Fairly early in my career, I made it a point to get to know A.B. “Happy” Chandler, the former two-time Kentucky governor who was elected to the baseball. Hall of Fame for what he did during his term as the game’s commissioner from 1946 to ’51.
At that time, there were 16 teams in the major leagues, none west of the Mississippi River, and when Branch Rickey of the Brooklyn (now Los Angles) Dodgers told his brethren before the 1946 season that he wanted to sign Jackie Robinson to a contract with the Dodgers’ AAA team in Montreal, they voted 15 to Rickey’s one against it.
But Chandler, though a rookie to the job, overruled his bosses and told Rickey he could sign Robinson. Everybody knew that meant that Jackie would move up to Brooklyn as early as 1947, breaking baseball’s color barrier. It was a seminal even not only for baseball but for the entire American culture.
Jackie was dead when Barack Obama became the first black American President in 2008, but what a conversation they could have had. It’s unthinkable that at Easter Weekend 2020, the battle over race and voting rights sill continues in. this country.

Chandler had a stock answer for me and every other reporter who asked how he mustered the courage to open the doors for Robinson. “Billy boy,” he would say, grabbing my arm tightly, “I knew that someday I would meet my maker, and if here were to ask me why I didn’t let that black boy play, I think He would see ‘because of the color of his skin’ as an insufficient answer.”
Today we are getting a lot of insufficient answers about a lot of things, and the race debate is a big part of it.
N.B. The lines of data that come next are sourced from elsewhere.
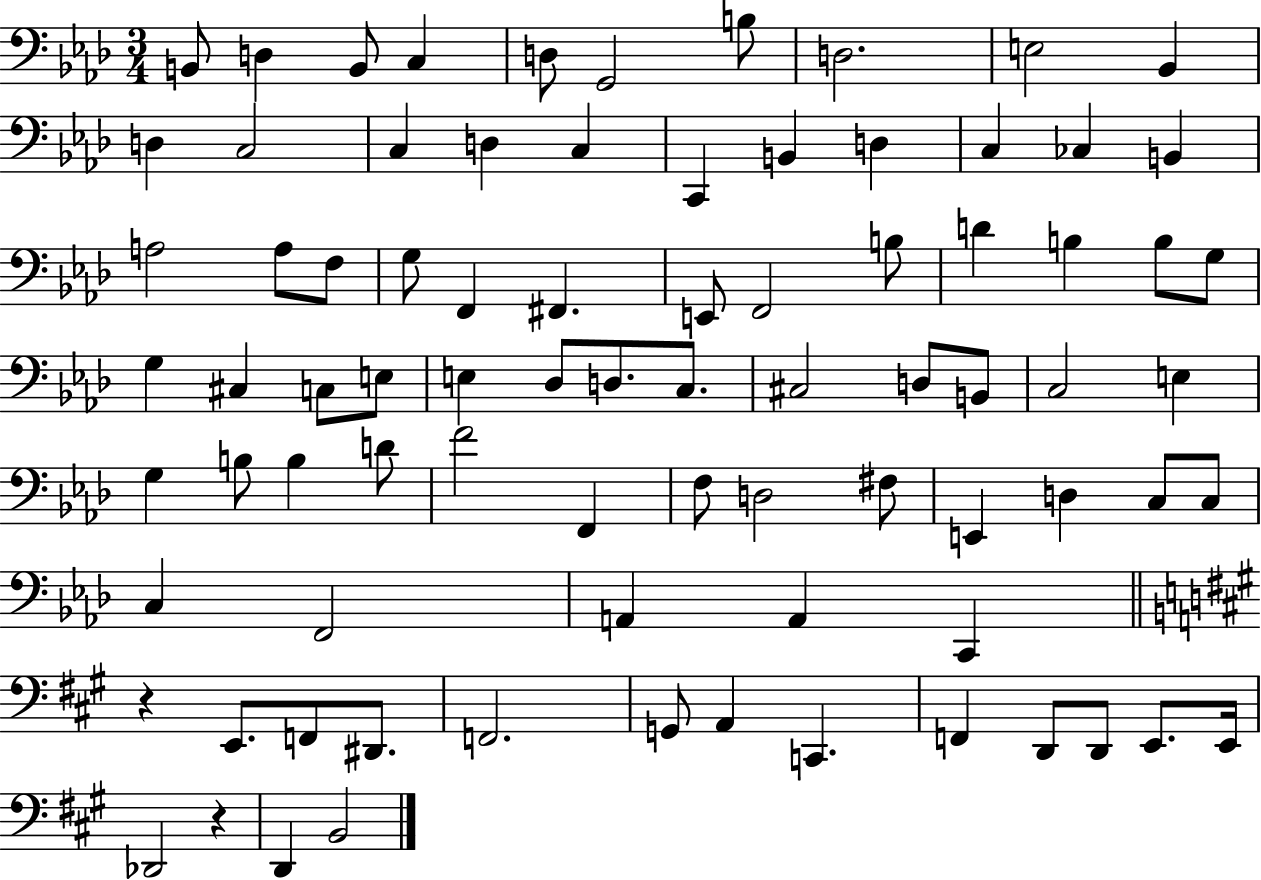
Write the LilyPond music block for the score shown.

{
  \clef bass
  \numericTimeSignature
  \time 3/4
  \key aes \major
  \repeat volta 2 { b,8 d4 b,8 c4 | d8 g,2 b8 | d2. | e2 bes,4 | \break d4 c2 | c4 d4 c4 | c,4 b,4 d4 | c4 ces4 b,4 | \break a2 a8 f8 | g8 f,4 fis,4. | e,8 f,2 b8 | d'4 b4 b8 g8 | \break g4 cis4 c8 e8 | e4 des8 d8. c8. | cis2 d8 b,8 | c2 e4 | \break g4 b8 b4 d'8 | f'2 f,4 | f8 d2 fis8 | e,4 d4 c8 c8 | \break c4 f,2 | a,4 a,4 c,4 | \bar "||" \break \key a \major r4 e,8. f,8 dis,8. | f,2. | g,8 a,4 c,4. | f,4 d,8 d,8 e,8. e,16 | \break des,2 r4 | d,4 b,2 | } \bar "|."
}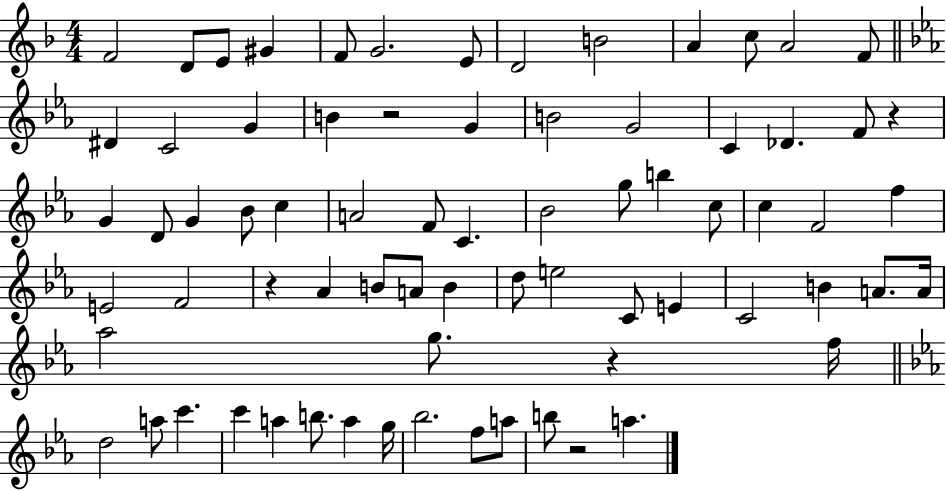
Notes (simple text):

F4/h D4/e E4/e G#4/q F4/e G4/h. E4/e D4/h B4/h A4/q C5/e A4/h F4/e D#4/q C4/h G4/q B4/q R/h G4/q B4/h G4/h C4/q Db4/q. F4/e R/q G4/q D4/e G4/q Bb4/e C5/q A4/h F4/e C4/q. Bb4/h G5/e B5/q C5/e C5/q F4/h F5/q E4/h F4/h R/q Ab4/q B4/e A4/e B4/q D5/e E5/h C4/e E4/q C4/h B4/q A4/e. A4/s Ab5/h G5/e. R/q F5/s D5/h A5/e C6/q. C6/q A5/q B5/e. A5/q G5/s Bb5/h. F5/e A5/e B5/e R/h A5/q.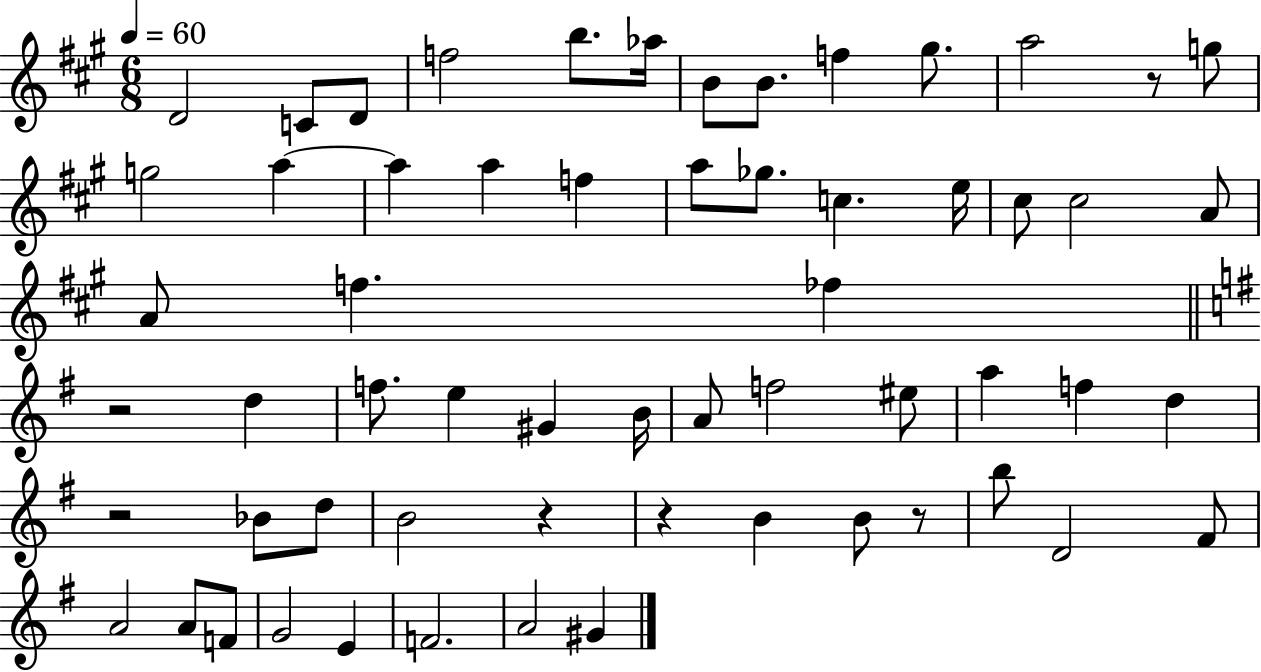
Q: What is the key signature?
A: A major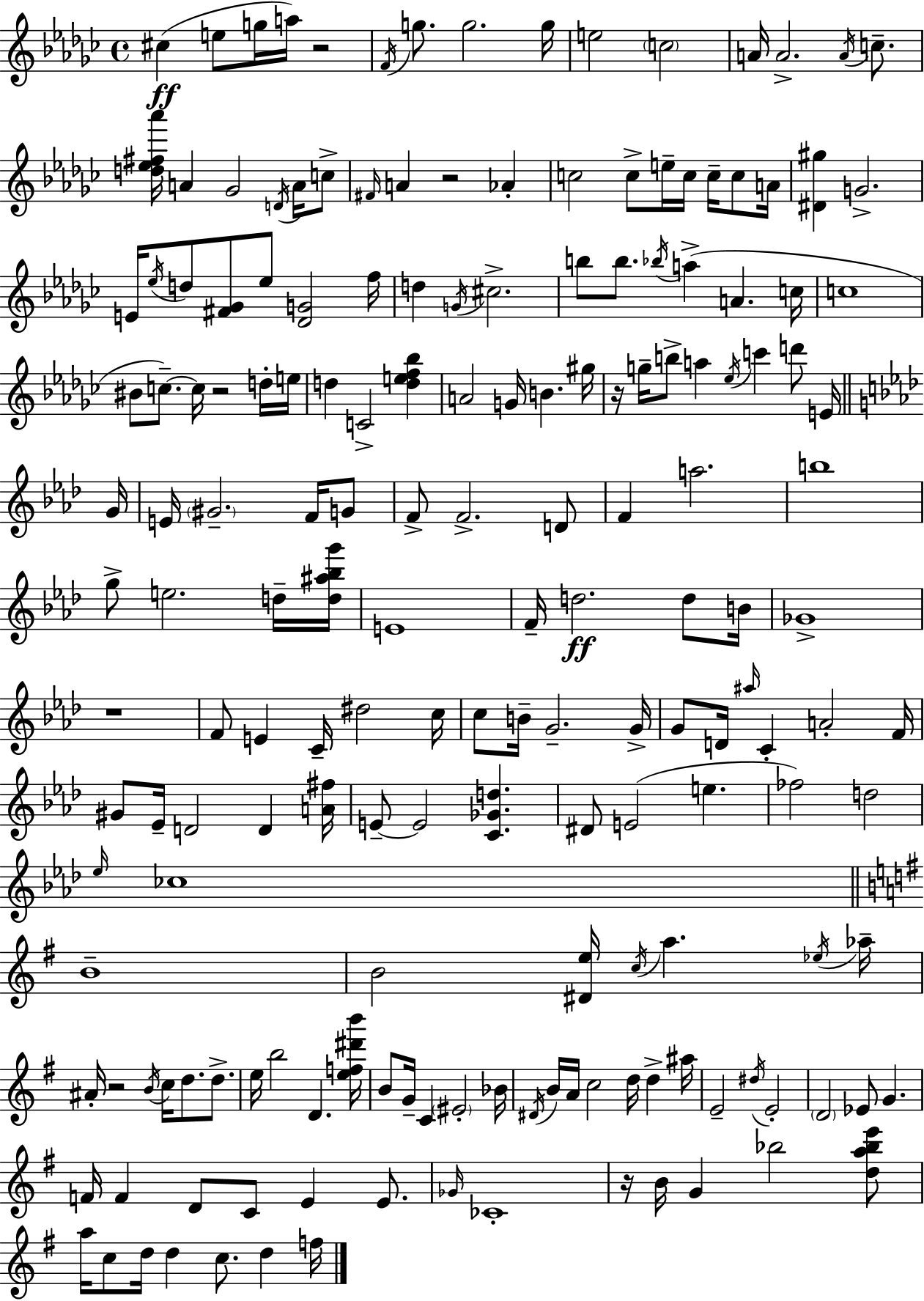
X:1
T:Untitled
M:4/4
L:1/4
K:Ebm
^c e/2 g/4 a/4 z2 F/4 g/2 g2 g/4 e2 c2 A/4 A2 A/4 c/2 [d_e^f_a']/4 A _G2 D/4 A/4 c/2 ^F/4 A z2 _A c2 c/2 e/4 c/4 c/4 c/2 A/4 [^D^g] G2 E/4 _e/4 d/2 [^F_G]/2 _e/2 [_DG]2 f/4 d G/4 ^c2 b/2 b/2 _b/4 a A c/4 c4 ^B/2 c/2 c/4 z2 d/4 e/4 d C2 [def_b] A2 G/4 B ^g/4 z/4 g/4 b/2 a _e/4 c' d'/2 E/4 G/4 E/4 ^G2 F/4 G/2 F/2 F2 D/2 F a2 b4 g/2 e2 d/4 [d^a_bg']/4 E4 F/4 d2 d/2 B/4 _G4 z4 F/2 E C/4 ^d2 c/4 c/2 B/4 G2 G/4 G/2 D/4 ^a/4 C A2 F/4 ^G/2 _E/4 D2 D [A^f]/4 E/2 E2 [C_Gd] ^D/2 E2 e _f2 d2 _e/4 _c4 B4 B2 [^De]/4 c/4 a _e/4 _a/4 ^A/4 z2 B/4 c/4 d/2 d/2 e/4 b2 D [ef^d'b']/4 B/2 G/4 C ^E2 _B/4 ^D/4 B/4 A/4 c2 d/4 d ^a/4 E2 ^d/4 E2 D2 _E/2 G F/4 F D/2 C/2 E E/2 _G/4 _C4 z/4 B/4 G _b2 [da_be']/2 a/4 c/2 d/4 d c/2 d f/4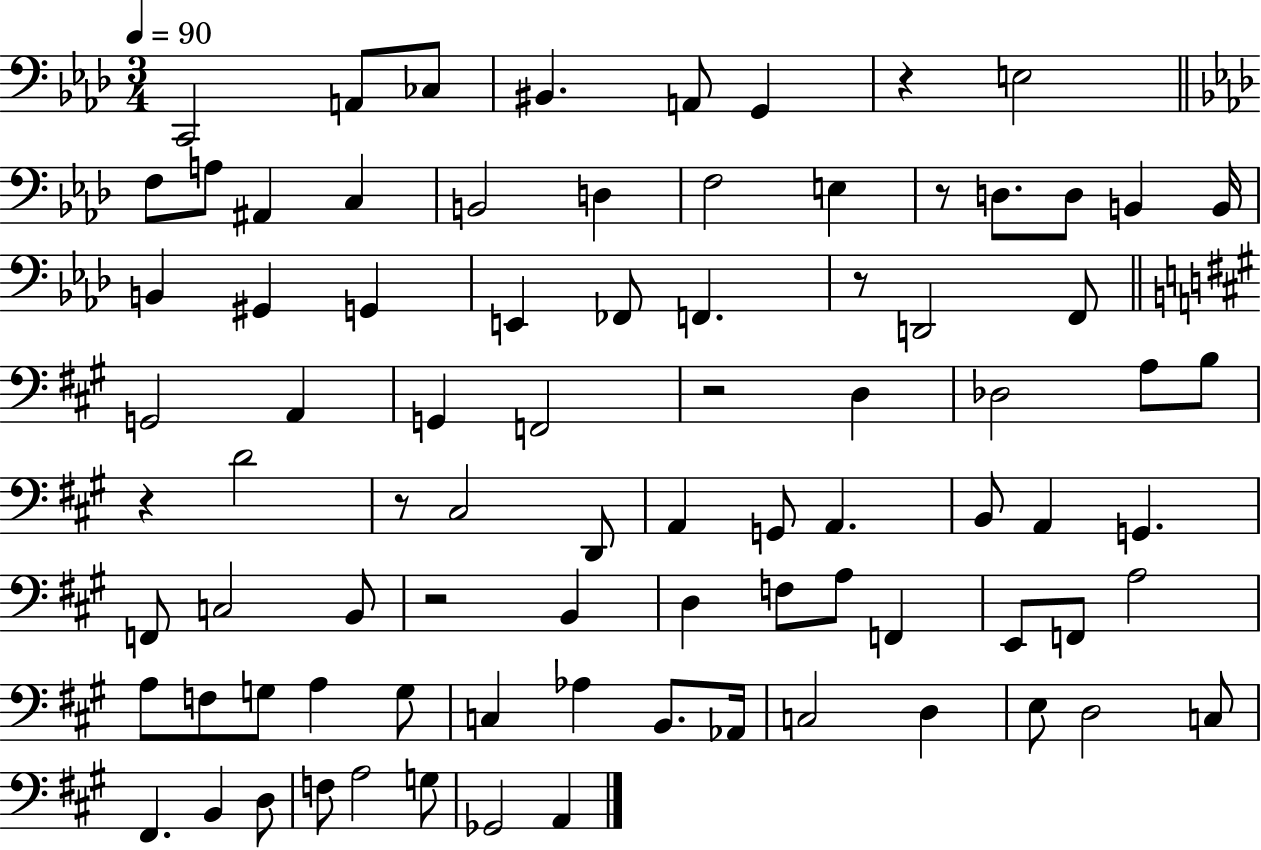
{
  \clef bass
  \numericTimeSignature
  \time 3/4
  \key aes \major
  \tempo 4 = 90
  c,2 a,8 ces8 | bis,4. a,8 g,4 | r4 e2 | \bar "||" \break \key f \minor f8 a8 ais,4 c4 | b,2 d4 | f2 e4 | r8 d8. d8 b,4 b,16 | \break b,4 gis,4 g,4 | e,4 fes,8 f,4. | r8 d,2 f,8 | \bar "||" \break \key a \major g,2 a,4 | g,4 f,2 | r2 d4 | des2 a8 b8 | \break r4 d'2 | r8 cis2 d,8 | a,4 g,8 a,4. | b,8 a,4 g,4. | \break f,8 c2 b,8 | r2 b,4 | d4 f8 a8 f,4 | e,8 f,8 a2 | \break a8 f8 g8 a4 g8 | c4 aes4 b,8. aes,16 | c2 d4 | e8 d2 c8 | \break fis,4. b,4 d8 | f8 a2 g8 | ges,2 a,4 | \bar "|."
}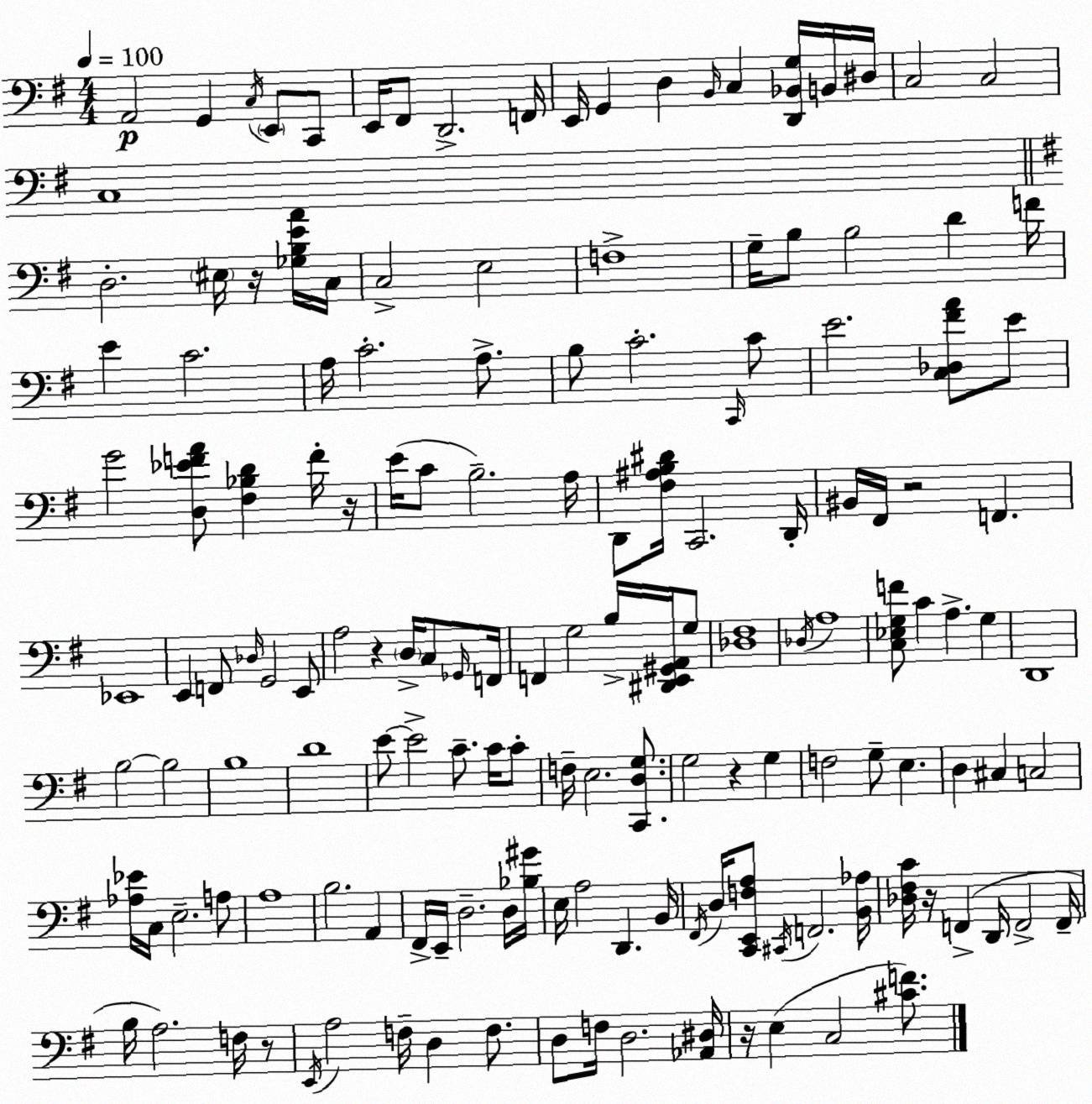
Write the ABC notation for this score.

X:1
T:Untitled
M:4/4
L:1/4
K:Em
A,,2 G,, C,/4 E,,/2 C,,/2 E,,/4 ^F,,/2 D,,2 F,,/4 E,,/4 G,, D, B,,/4 C, [D,,_B,,G,]/4 B,,/4 ^D,/4 C,2 C,2 C,4 D,2 ^E,/4 z/4 [_G,B,EA]/4 C,/4 C,2 E,2 F,4 G,/4 B,/2 B,2 D F/4 E C2 A,/4 C2 A,/2 B,/2 C2 C,,/4 C/2 E2 [C,_D,^FA]/2 E/2 G2 [D,_EFA]/2 [^F,_B,D] F/4 z/4 E/4 C/2 B,2 A,/4 D,,/2 [^F,^A,B,^D]/4 C,,2 D,,/4 ^B,,/4 ^F,,/4 z2 F,, _E,,4 E,, F,,/2 _D,/4 G,,2 E,,/2 A,2 z D,/4 C,/2 _G,,/4 F,,/4 F,, G,2 B,/4 [^D,,E,,^G,,A,,]/4 G,/2 [_D,^F,]4 _D,/4 A,4 [C,_E,G,F]/2 C A, G, D,,4 B,2 B,2 B,4 D4 E/2 E2 C/2 C/4 C/2 F,/4 E,2 [C,,D,G,]/2 G,2 z G, F,2 G,/2 E, D, ^C, C,2 [_A,_E]/4 C,/4 E,2 A,/2 A,4 B,2 A,, ^F,,/4 E,,/4 D,2 D,/4 [_B,^G]/4 E,/4 A,2 D,, B,,/4 ^F,,/4 D,/4 [C,,E,,F,A,]/2 ^C,,/4 F,,2 [B,,_A,]/4 [_D,^F,C]/4 z/4 F,, D,,/4 F,,2 F,,/4 B,/4 A,2 F,/4 z/2 E,,/4 A,2 F,/4 D, F,/2 D,/2 F,/4 D,2 [_A,,^D,]/4 z/4 E, C,2 [^CF]/2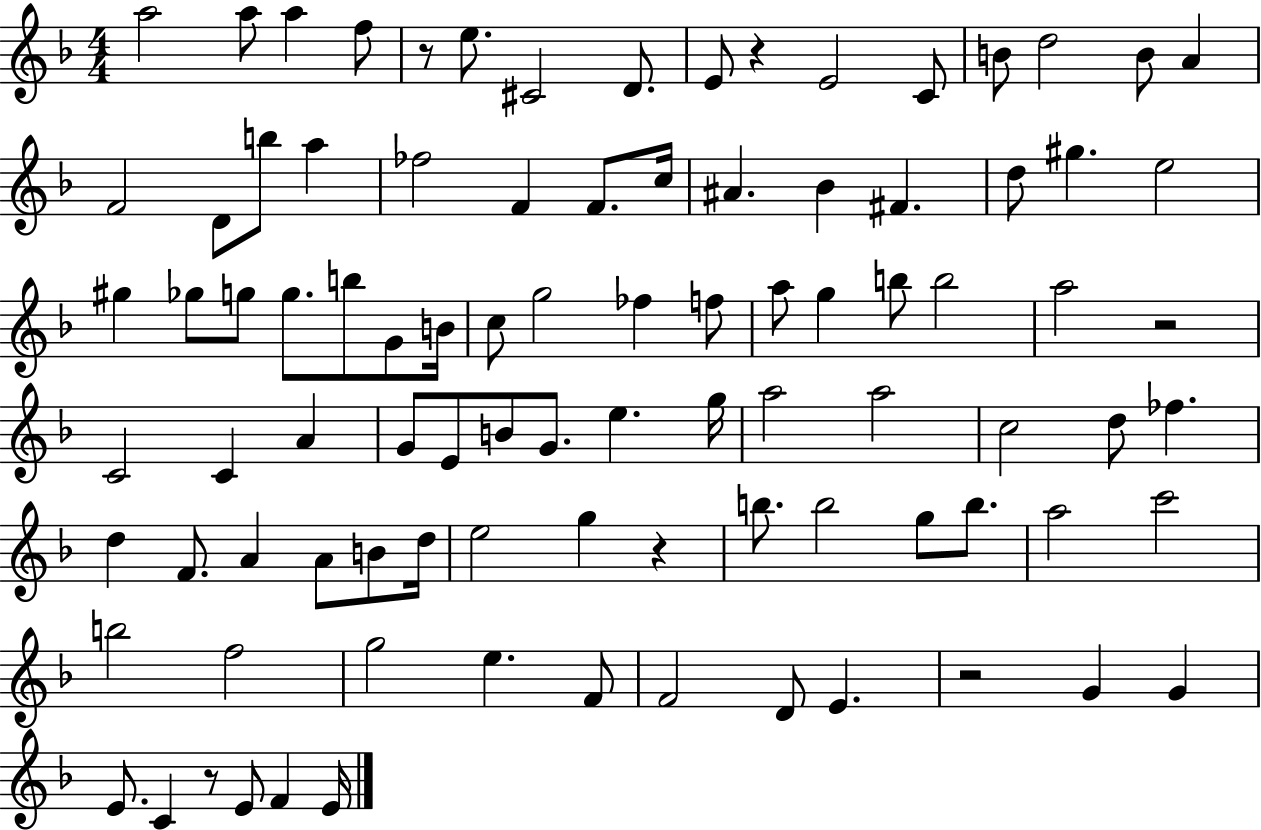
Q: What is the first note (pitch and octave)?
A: A5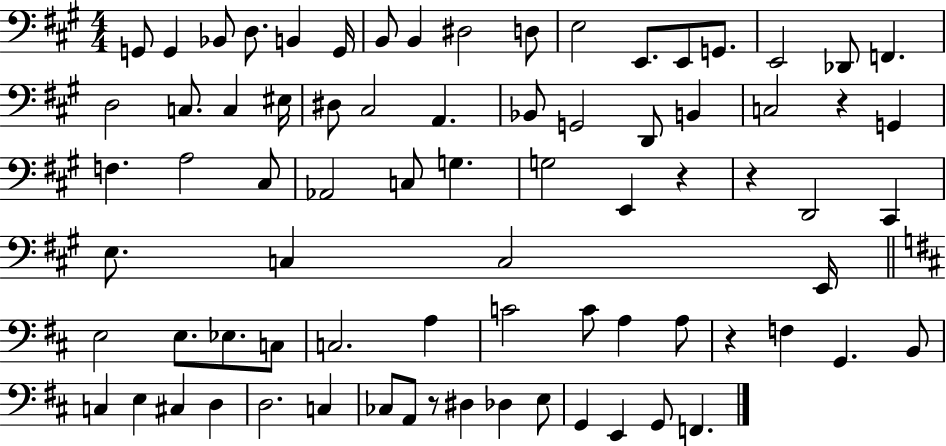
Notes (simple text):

G2/e G2/q Bb2/e D3/e. B2/q G2/s B2/e B2/q D#3/h D3/e E3/h E2/e. E2/e G2/e. E2/h Db2/e F2/q. D3/h C3/e. C3/q EIS3/s D#3/e C#3/h A2/q. Bb2/e G2/h D2/e B2/q C3/h R/q G2/q F3/q. A3/h C#3/e Ab2/h C3/e G3/q. G3/h E2/q R/q R/q D2/h C#2/q E3/e. C3/q C3/h E2/s E3/h E3/e. Eb3/e. C3/e C3/h. A3/q C4/h C4/e A3/q A3/e R/q F3/q G2/q. B2/e C3/q E3/q C#3/q D3/q D3/h. C3/q CES3/e A2/e R/e D#3/q Db3/q E3/e G2/q E2/q G2/e F2/q.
A couple of years ago, I was arguing with my radio talk-show partner on ESPN680 in Louisville about the one-and-done rule in college basketball. I told him it made a mockery of academic integrity. I told him that if we were ever embroiled in a world crisis, we would need doctors, nurses, scientists, and first responders a lot more than we would need multimillionaires who could dunk a basketball.
I told him the world could survive without entertainers – although, God forbid, I hope it never comes to that – but it couldn’t get along without the aforementioned experts who would use their educations to help us cope with the crisis on a daily basis.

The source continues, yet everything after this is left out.